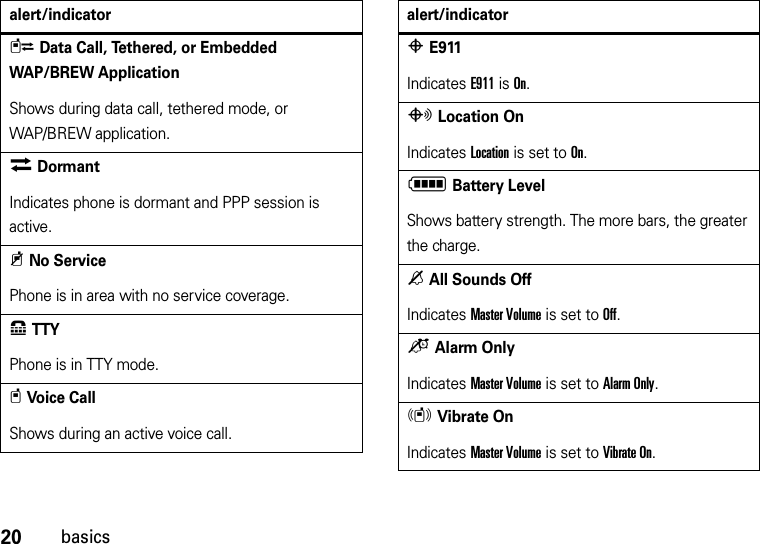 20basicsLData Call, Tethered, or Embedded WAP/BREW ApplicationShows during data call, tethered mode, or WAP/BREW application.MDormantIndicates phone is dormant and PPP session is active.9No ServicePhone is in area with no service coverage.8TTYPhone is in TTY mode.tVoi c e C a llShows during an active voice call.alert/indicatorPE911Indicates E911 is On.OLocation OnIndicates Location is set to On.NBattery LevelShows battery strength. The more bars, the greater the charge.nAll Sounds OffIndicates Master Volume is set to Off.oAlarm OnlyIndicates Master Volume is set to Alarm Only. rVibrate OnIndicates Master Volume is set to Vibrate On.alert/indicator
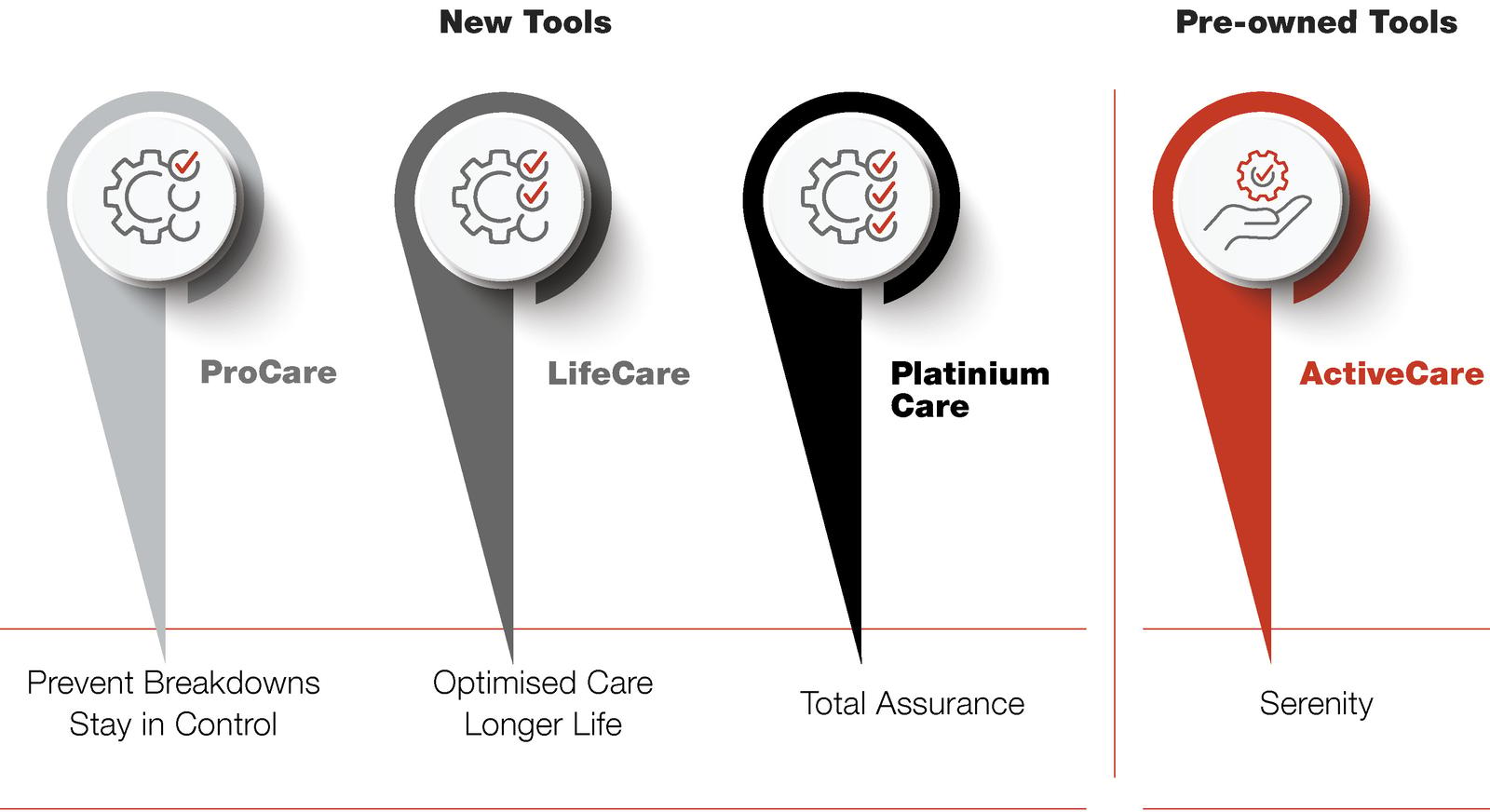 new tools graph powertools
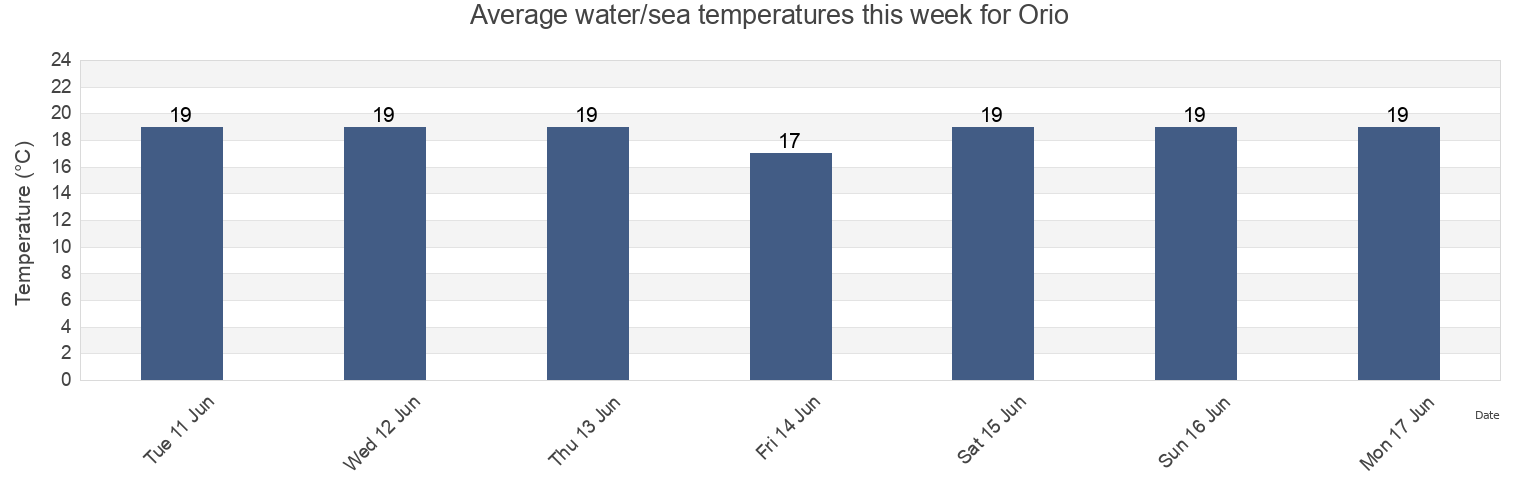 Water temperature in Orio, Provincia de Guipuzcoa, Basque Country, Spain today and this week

____________________

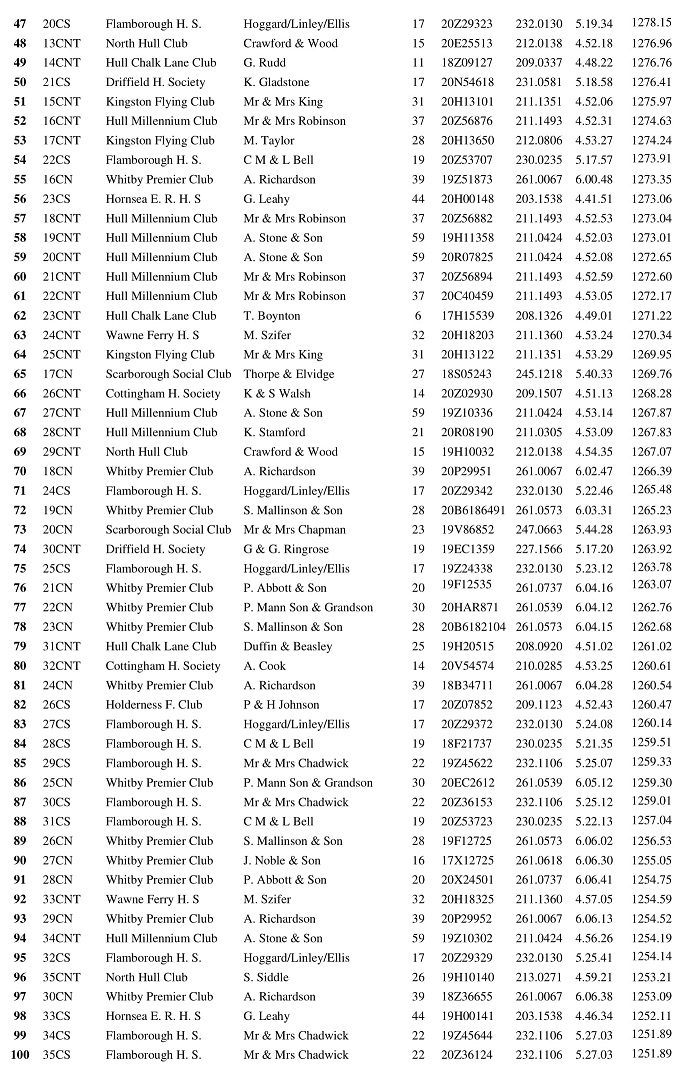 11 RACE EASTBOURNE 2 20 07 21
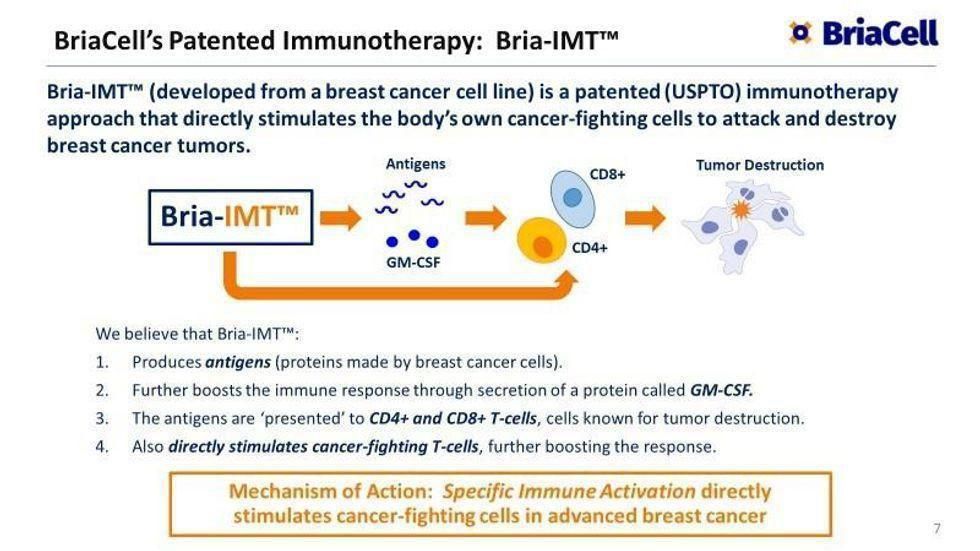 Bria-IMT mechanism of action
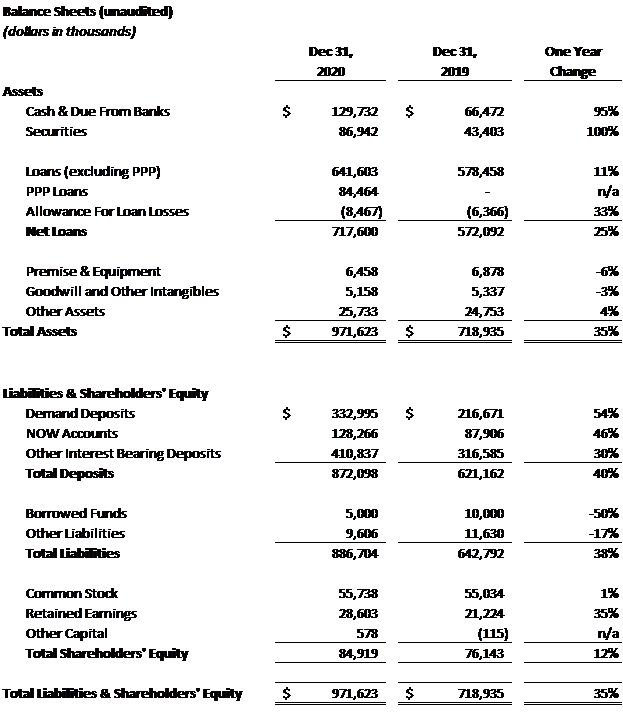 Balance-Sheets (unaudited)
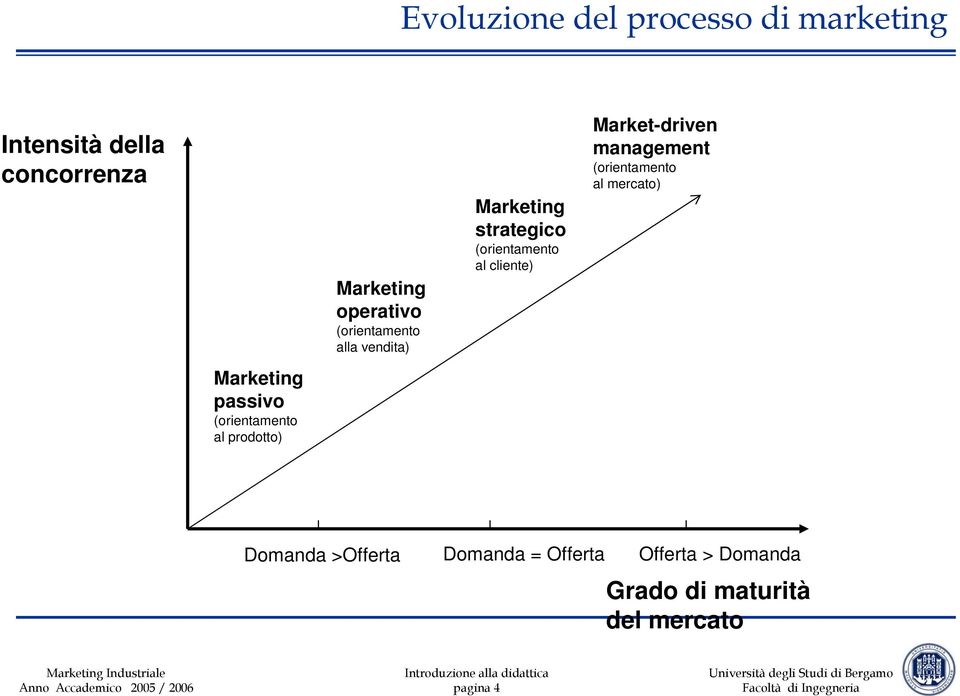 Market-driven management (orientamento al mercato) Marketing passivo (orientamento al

____________________

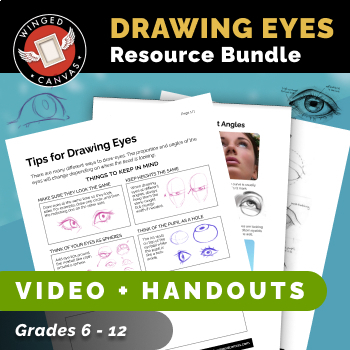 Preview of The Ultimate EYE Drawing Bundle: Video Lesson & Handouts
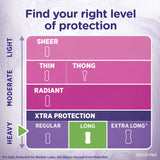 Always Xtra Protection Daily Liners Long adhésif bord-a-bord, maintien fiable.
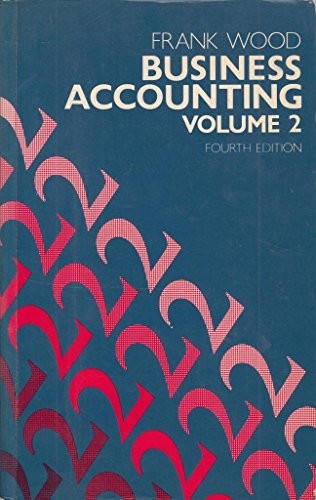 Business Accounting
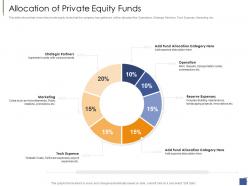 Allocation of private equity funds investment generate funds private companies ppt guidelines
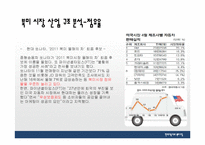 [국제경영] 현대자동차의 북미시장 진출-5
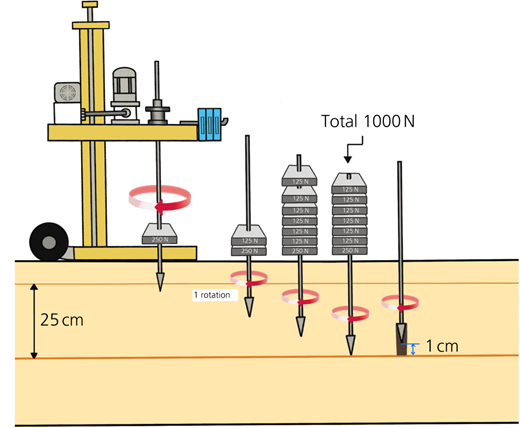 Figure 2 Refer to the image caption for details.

____________________

Whatever pictures the records hold, omit them; give again exactly the lines from the one containing "20basicsLData Call, Tethered, or" through the one containing "Water temperature in".

 20basicsLData Call, Tethered, or Embedded WAP/BREW ApplicationShows during data call, tethered mode, or WAP/BREW application.MDormantIndicates phone is dormant and PPP session is active.9No ServicePhone is in area with no service coverage.8TTYPhone is in TTY mode.tVoi c e C a llShows during an active voice call.alert/indicatorPE911Indicates E911 is On.OLocation OnIndicates Location is set to On.NBattery LevelShows battery strength. The more bars, the greater the charge.nAll Sounds OffIndicates Master Volume is set to Off.oAlarm OnlyIndicates Master Volume is set to Alarm Only. rVibrate OnIndicates Master Volume is set to Vibrate On.alert/indicator
 new tools graph powertools
 Water temperature in Orio, Provincia de Guipuzcoa, Basque Country, Spain today and this week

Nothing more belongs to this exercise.